The Federal Communication Commission has just announced that it is capping rates on prison phone calls within states as well as between them. Now, in most cases, they will cost no more than $1.65 for a 15-minute phone call. FCC Commissioner Mignon Clyburn has spoken of the “incredible burden” that costly phone calls placed on the families of the 2 million prisoners held in the U.S.

She’s right, but unfortunately overpriced phone calls are just one way in which invisible public policies milk the mothers, grandmothers, sisters, fathers, brothers and loved ones of prisoners for money. We talk about this in an article in the current issue of Perspectives on Politics, parts of which we summarize here.

Prison phone calls are shockingly expensive

As Clyburn says, prisoners’ families face an enormous burden just to stay in contact with their loved ones. Families can easily spend between $1,000 and $2,000 a year. In one ethnographic study, the mother of a prisoner spent 20 percent of her total income just to be able to talk to her son on the phone. Why are prison phone calls so expensive? Because they make a lot of money for private businesses and for states.

In almost all states, phone calls must be made collect or are paid for by money deposited by family members in prisoner accounts. State departments of corrections contract with phone companies that generally pay the Department a commission (or, as some might have it, a kickback). A comprehensive study by Prison Legal News calculated the national figure for commissions at 42 percent, documenting both the often-exorbitant phone rates charged to families and the lack of transparency in the bidding and contracting process. A recent report by the Prison Policy Initiative shows that several states receive double that commission. In Baldwin County, Alabama, ICSolutions agreed to pay 84.1 percent of profits back to the county.

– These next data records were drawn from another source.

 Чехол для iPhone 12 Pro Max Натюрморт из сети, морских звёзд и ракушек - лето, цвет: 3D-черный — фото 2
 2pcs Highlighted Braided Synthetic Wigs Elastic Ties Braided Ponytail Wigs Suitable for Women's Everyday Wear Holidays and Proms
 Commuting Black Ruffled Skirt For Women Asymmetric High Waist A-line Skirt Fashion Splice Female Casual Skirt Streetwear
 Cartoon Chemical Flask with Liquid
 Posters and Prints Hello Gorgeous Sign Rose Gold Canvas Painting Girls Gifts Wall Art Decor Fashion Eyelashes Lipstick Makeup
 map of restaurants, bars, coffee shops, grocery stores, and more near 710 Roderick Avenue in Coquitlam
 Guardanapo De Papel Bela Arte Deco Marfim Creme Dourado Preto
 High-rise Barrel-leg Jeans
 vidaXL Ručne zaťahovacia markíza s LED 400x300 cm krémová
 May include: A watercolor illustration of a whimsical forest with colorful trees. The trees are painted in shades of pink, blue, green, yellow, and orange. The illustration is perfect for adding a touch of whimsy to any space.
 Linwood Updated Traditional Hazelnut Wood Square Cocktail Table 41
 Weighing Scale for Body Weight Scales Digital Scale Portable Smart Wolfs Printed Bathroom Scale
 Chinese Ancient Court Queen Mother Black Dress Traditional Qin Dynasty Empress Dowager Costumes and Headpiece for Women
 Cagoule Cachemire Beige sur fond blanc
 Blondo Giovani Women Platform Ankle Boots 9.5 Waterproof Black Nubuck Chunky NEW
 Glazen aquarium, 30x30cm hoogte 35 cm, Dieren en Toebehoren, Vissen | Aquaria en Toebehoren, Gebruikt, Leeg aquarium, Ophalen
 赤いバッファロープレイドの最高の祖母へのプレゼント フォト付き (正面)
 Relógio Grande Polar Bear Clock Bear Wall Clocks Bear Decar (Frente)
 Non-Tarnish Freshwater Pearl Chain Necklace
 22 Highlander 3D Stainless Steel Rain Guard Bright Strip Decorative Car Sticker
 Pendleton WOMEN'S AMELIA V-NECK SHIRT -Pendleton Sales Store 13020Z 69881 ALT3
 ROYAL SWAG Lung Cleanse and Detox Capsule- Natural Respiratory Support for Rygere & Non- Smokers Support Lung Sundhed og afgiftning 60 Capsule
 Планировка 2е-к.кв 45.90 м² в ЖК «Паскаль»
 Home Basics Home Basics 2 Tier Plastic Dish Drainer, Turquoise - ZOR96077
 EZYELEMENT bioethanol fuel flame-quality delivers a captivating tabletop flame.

In order to recoup these commissions, telephone companies often tack “hidden’ fees onto the publicly-announced telephone “rates.” The FCC’s new ruling is intended to limit these abuses. Unsurprisingly, it has upset companies whose business models are based on charging these fees, like Securus Technologies, whose CEO is threatening to organize a joint legal action against the FCC with other companies in the industry.

However, this is just one of many ways in which prisoners’ families are gouged

Phone calls are not the only way in which states and private businesses cooperate to make money from prisoners’ families. Prisoners need to buy basic supplies from prison commissaries. Even if they work in prison, they aren’t able to afford to pay themselves – they may earn as little as 2 cents an hour. This means that they need to rely on family members to send them money.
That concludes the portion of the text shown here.